Rare childhood tumors in a Turkish pediatric oncology center
Nurdan Tacyildiz, Derya Özyörük, Gülsan Yavuz, Emel Cabı Ünal, Handan Dinçaslan, Gülşah Oktay Tanyıldız, Zülfikar Gördü, Zeynep Şıklar1, Merih Berberoğlu’, Gönül Öcal’
Departments of Pediatric Oncology, and 1Pediatric Endocrinology, Ankara University, Ankara, Turkey
Address for correspondence: Dr.

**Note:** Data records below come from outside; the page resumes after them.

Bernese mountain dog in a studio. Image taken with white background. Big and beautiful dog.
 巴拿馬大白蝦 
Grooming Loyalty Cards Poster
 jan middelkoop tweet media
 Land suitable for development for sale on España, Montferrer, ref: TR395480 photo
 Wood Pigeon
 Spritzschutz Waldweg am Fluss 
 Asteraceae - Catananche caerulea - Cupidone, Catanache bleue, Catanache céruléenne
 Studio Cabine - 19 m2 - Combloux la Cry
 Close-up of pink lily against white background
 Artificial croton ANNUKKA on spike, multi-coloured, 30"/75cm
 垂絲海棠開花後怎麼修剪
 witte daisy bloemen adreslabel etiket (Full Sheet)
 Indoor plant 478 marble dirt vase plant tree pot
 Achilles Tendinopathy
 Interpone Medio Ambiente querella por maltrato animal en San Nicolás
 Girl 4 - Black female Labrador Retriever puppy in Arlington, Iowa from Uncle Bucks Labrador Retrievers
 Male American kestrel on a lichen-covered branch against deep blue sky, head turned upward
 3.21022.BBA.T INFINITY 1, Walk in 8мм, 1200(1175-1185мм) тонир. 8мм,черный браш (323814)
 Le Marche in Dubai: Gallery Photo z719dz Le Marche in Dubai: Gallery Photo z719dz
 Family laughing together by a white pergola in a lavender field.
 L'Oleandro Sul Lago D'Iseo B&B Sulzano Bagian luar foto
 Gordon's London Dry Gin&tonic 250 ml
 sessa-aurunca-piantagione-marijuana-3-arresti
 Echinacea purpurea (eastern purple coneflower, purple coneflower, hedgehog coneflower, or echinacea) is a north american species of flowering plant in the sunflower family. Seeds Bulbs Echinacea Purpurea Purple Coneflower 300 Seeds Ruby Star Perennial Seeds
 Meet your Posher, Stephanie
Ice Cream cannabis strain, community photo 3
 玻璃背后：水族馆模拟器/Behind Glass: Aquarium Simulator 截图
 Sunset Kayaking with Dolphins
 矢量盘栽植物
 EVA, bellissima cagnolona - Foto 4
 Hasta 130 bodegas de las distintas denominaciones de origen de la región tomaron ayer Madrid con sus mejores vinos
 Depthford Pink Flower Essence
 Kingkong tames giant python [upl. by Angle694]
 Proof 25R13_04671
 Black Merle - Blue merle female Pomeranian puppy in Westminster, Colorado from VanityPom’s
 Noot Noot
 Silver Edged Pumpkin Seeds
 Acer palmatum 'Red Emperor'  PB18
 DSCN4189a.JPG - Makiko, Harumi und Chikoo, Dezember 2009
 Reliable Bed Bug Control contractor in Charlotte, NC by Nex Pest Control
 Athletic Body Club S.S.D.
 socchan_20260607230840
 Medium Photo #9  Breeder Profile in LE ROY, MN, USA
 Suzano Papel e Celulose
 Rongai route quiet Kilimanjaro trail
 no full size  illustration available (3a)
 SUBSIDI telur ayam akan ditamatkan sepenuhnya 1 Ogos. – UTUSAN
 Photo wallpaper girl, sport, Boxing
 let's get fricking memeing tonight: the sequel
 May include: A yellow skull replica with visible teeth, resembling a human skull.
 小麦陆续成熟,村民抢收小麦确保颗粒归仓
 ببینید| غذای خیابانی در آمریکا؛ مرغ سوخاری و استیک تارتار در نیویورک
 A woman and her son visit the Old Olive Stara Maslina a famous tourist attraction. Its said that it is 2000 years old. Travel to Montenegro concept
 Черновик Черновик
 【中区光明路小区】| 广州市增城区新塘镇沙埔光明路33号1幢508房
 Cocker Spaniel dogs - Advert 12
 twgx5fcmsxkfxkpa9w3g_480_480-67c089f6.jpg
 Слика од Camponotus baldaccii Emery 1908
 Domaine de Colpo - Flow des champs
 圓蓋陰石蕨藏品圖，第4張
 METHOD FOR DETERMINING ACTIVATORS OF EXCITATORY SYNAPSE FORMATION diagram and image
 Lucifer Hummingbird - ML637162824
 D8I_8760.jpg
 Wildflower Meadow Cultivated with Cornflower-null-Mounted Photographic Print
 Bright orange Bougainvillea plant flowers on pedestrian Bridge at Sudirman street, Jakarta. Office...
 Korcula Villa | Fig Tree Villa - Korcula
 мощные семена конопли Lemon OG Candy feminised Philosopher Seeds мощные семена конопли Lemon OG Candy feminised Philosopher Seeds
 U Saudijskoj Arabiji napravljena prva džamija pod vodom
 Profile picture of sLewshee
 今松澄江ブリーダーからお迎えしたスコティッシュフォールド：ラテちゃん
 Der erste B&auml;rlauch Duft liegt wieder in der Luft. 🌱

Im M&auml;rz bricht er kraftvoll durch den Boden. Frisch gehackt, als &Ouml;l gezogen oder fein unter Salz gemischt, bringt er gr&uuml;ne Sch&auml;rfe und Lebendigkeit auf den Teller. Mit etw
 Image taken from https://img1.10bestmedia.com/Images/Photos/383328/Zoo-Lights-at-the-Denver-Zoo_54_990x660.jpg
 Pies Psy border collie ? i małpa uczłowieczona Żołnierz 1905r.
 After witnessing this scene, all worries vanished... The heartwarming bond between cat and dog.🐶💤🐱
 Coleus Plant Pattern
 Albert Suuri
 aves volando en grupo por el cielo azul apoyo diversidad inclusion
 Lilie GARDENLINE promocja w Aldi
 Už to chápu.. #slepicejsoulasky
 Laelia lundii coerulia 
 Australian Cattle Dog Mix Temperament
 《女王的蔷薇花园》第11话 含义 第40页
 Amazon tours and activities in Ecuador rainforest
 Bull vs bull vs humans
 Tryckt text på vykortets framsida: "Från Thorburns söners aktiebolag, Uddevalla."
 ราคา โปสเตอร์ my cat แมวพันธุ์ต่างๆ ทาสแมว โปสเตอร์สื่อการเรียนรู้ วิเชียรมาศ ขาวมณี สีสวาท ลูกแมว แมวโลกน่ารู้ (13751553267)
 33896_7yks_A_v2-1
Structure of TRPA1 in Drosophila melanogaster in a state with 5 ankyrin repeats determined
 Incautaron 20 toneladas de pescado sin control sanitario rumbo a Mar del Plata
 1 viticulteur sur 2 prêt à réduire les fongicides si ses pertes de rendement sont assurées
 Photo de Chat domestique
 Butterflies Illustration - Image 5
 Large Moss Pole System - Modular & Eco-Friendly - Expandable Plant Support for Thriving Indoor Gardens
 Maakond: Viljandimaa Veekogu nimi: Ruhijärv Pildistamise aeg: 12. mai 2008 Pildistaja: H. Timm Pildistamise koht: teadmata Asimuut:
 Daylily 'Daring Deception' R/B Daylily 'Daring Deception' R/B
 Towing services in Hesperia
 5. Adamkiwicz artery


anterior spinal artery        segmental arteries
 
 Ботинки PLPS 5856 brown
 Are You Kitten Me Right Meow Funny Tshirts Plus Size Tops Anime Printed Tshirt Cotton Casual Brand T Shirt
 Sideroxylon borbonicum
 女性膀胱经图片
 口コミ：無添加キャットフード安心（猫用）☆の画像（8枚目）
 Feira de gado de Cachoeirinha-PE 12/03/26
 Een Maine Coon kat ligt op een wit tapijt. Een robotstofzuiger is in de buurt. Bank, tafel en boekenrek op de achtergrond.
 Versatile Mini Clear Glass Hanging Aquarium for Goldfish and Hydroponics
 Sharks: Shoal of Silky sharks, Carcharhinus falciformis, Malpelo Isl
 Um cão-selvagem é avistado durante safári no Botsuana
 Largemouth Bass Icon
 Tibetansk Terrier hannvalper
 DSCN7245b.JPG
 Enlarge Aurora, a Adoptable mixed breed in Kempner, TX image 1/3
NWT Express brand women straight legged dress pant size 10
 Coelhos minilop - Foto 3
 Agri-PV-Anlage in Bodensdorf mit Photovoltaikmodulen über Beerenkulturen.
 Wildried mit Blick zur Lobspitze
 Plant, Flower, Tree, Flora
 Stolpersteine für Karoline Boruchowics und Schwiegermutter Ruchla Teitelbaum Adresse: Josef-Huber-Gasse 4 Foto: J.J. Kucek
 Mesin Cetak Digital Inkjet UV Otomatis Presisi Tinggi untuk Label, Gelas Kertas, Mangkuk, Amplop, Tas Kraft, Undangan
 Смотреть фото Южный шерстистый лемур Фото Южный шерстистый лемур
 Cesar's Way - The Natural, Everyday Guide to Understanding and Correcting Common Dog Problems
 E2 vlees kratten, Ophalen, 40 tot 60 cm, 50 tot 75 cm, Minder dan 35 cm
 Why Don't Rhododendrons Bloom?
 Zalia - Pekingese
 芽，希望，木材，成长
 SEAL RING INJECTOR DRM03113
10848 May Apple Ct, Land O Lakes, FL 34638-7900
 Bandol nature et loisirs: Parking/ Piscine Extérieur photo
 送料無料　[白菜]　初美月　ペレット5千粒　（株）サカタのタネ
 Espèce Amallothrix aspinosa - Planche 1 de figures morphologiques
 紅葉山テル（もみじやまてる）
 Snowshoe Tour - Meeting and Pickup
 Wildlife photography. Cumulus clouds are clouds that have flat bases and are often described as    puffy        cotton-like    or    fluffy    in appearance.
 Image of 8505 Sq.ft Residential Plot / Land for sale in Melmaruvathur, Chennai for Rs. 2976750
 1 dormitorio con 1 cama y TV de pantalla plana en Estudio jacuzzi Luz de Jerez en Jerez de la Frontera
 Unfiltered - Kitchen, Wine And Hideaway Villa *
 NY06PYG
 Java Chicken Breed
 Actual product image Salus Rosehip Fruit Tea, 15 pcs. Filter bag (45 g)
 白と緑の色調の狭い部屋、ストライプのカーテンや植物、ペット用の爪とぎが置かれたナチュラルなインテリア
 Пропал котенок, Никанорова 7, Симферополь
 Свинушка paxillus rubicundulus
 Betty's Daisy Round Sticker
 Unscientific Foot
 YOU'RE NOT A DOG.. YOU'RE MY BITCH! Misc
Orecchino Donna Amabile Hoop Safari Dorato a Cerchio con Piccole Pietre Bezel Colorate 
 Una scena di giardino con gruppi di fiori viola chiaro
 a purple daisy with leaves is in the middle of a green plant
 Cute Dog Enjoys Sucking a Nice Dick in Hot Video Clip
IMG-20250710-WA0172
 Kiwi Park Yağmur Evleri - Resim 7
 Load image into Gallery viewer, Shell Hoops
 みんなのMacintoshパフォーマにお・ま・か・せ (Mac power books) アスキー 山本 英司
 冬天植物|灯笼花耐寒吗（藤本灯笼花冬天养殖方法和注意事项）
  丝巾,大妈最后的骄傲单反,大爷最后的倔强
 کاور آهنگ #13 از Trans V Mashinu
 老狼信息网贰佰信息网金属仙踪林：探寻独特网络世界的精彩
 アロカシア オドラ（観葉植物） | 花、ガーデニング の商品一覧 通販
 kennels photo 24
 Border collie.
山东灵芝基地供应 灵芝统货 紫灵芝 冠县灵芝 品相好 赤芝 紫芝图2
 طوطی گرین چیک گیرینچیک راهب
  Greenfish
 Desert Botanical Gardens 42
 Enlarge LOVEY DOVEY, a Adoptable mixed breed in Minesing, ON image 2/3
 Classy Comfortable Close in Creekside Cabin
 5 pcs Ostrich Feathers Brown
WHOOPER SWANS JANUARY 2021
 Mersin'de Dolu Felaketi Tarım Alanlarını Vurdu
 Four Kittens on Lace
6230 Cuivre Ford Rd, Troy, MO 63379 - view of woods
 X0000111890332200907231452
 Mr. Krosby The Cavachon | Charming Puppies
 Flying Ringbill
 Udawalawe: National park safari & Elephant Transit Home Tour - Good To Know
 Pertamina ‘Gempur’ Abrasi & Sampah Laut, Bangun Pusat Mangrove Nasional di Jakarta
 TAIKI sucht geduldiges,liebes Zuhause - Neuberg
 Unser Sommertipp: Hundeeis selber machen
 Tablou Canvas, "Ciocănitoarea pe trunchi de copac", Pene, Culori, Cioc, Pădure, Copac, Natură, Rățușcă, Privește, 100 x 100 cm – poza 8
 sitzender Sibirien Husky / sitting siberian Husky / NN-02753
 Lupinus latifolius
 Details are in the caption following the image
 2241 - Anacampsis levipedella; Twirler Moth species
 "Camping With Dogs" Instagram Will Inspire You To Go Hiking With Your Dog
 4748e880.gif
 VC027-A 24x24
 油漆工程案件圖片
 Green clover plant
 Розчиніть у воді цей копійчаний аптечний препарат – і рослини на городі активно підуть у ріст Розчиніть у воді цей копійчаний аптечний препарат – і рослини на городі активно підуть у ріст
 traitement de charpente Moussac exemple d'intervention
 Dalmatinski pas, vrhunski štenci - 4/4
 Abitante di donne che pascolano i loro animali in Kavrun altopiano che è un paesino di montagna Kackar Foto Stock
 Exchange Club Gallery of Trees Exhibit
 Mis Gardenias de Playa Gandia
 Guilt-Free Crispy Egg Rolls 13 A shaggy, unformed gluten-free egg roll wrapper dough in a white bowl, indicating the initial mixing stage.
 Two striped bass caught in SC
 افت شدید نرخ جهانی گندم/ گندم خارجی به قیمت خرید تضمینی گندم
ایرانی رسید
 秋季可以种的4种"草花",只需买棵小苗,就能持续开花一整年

Derya Özyörük, Mebusevleri Mahallesi, Iller Sokak 31/4, Tarhan Apt 06550, Çankaya, Ankara, Turkey. E-mail: dozyoruk@yahoo.com
ABSTRACT
Background: It has been estimated that rare tumor rate is about 15% of all childhood cancer in United States. According to Turkish Pediatric Oncology Group (TPOG) datas, 8889 children were diagnosed between 2002 and 2008 in our country and 3.7% of them were diagnosed as rare tumors. Aim: To investigate the frequency and clinical features of rare tumors in our pediatric oncology center. Materials and Methods: A total of 43 cases that have diagnosed as rare tumor in 574 cancer patients between the yaer 2002 and 2012 were reviewed retrospectively. All cases definitive diagnosis were established by histopathological and immunohistochemical studies. Results: Frequency of rare tumors was 7.4% in our center. Benign and border line rare tumors were 27 (62.7%) cases, malignant rare tumor were 16 (37.2%) cases. Median follow-up period was 48 months (between 1 and 110 months). Six of the malignant rare tumors were died with progressive disease (synovial sarcoma, mixed malignant mesenchymal tumor, undifferentiated sarcoma, plexus choroideus carcinoma, renal peripheral primitive neuroectodermal tumor, adrenocortical carcinoma). Malignant rare tumor mortality rate was found 37.5% in our clinic. Conclusion: We have found that our rare tumor rate (7.4%) was higher than Turkish rare tumor rate (3.7%) according to TPOG’s datas. However, it was still lower than rare tumor rates of western countries (15%), probably due to difficulties of diagnosis and referral problems.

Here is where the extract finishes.